White Christmas in India
When we talk of White Christmas, our thoughts travel to the colder regions where the ground is covered with snow during Christmas. Originally, this term was applied to countries in the northern hemisphere which experienced this phenomenon year after year. Now, it is applied to all situations where you experience snowfall on the Christmas day.
But on the 25th night, when I stepped out of a Christmas party, I realized that it is not only snow that can make a Christmas a White Christmas! Even fog could turn a Christmas into a White Christmas!
The moment I hit the street, I realized that there was thick fog which was growing thicker by the moment. When I switched on the headlights of my car, all I could see was fog! When I went into high beam, the visibility became poorer because it reflected the fog. I cursed myself for not getting a fog light fitted on to my car which I usually do during winters.
The fog was so thick that I could not see anything beyond a couple of feet away. People who were on the street knew where they wanted to go but had no clue of where they were going.
You did not see shadows walking towards you because the visibility was too poor. People, animals, vehicles, trees, buildings—in fact, everything appeared all of a sudden like ghosts out of the white (not blue!) when they came into view.
All you could see was fog, fog and more fog. You might have heard of people groping in the dark. But, I saw people guessing in the white! It made me realize that the whiteness in front of me was no different from the description of darkness in one of Alistair McClean’s novels which said: the only way to locate a tree was to bump into it and to locate a ditch was to fall into it…or something to that effect…

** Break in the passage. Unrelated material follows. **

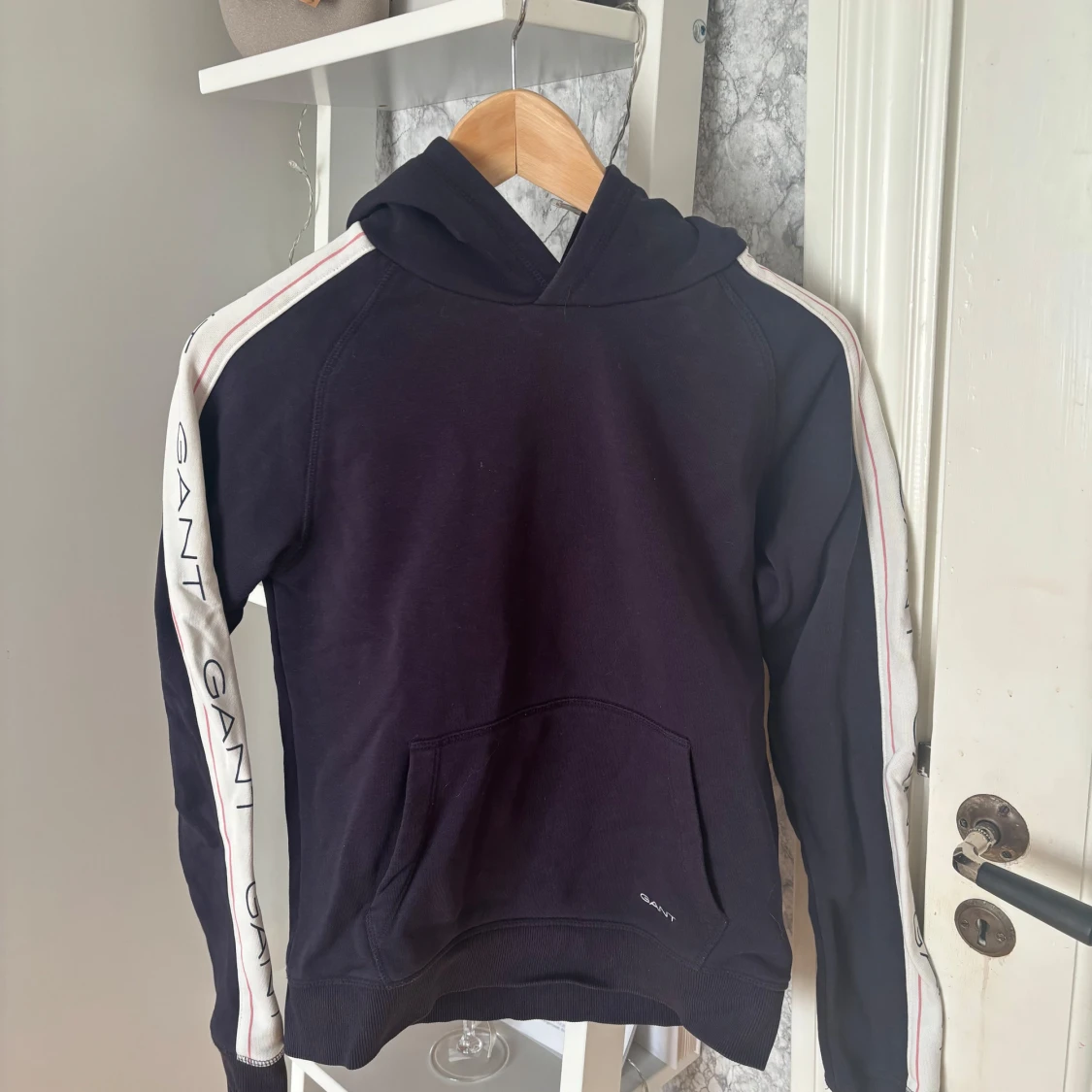 Marinblå hoodie från GANT med logoband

It was a complete whiteout! But, it would be a little far fetched to say that visibility was zero because no matter what you could see or not see, you could always see the fog!

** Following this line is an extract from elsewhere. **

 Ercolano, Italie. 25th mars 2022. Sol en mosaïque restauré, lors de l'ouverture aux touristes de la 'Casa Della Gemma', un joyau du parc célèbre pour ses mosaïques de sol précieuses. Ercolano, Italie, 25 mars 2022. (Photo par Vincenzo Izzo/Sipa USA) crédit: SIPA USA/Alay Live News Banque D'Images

In the dead of night after a great dinner I drove through the streets without knowing which streets I was on. I had the dividers built in the middle of the road to segregate to-and-fro traffic and the white lines marking the lanes on the road to convince me that I was still in the middle of some road.

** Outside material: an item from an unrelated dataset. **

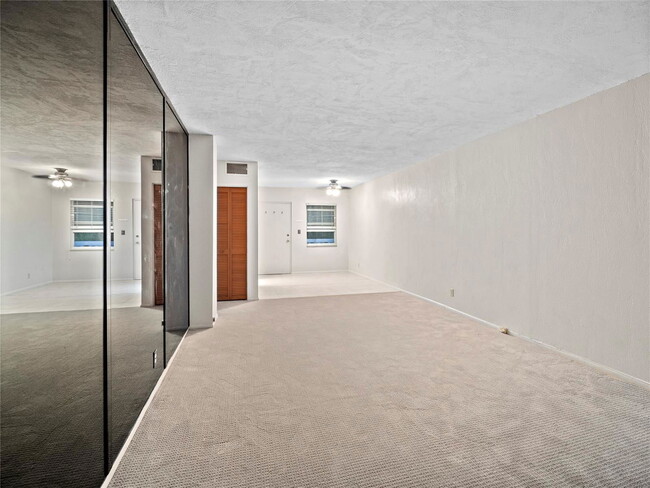 Foto del edificio - 2555 NE 11th St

When everybody was cozily cuddled up in the warmth of their beds, I was out in the cold figuring out where to turn and where not to turn. And, also where to stop and where not to stop and where to drive and where not to drive—all the time praying to god that I don’t bump into someone or something.
In the morning, when the newspapers arrived, I read them carefully. Thank God, there were no reports of any serious accidents. There couldn’t be. Because, in such poor visibility, nobody could have taken the risk of rash driving which is what most of us do after Christmas and New Year celebrations. I felt happy because no 'bad news' is always 'good news.' But, I learnt that the previous day also experienced a similar fog when I was tucked in the warmth of my quilt which is called razai in Hindi.
The good thing about the fog was that I did not have to travel all the way to the northern hemisphere to experience White Christmas—I experienced it right here in Delhi!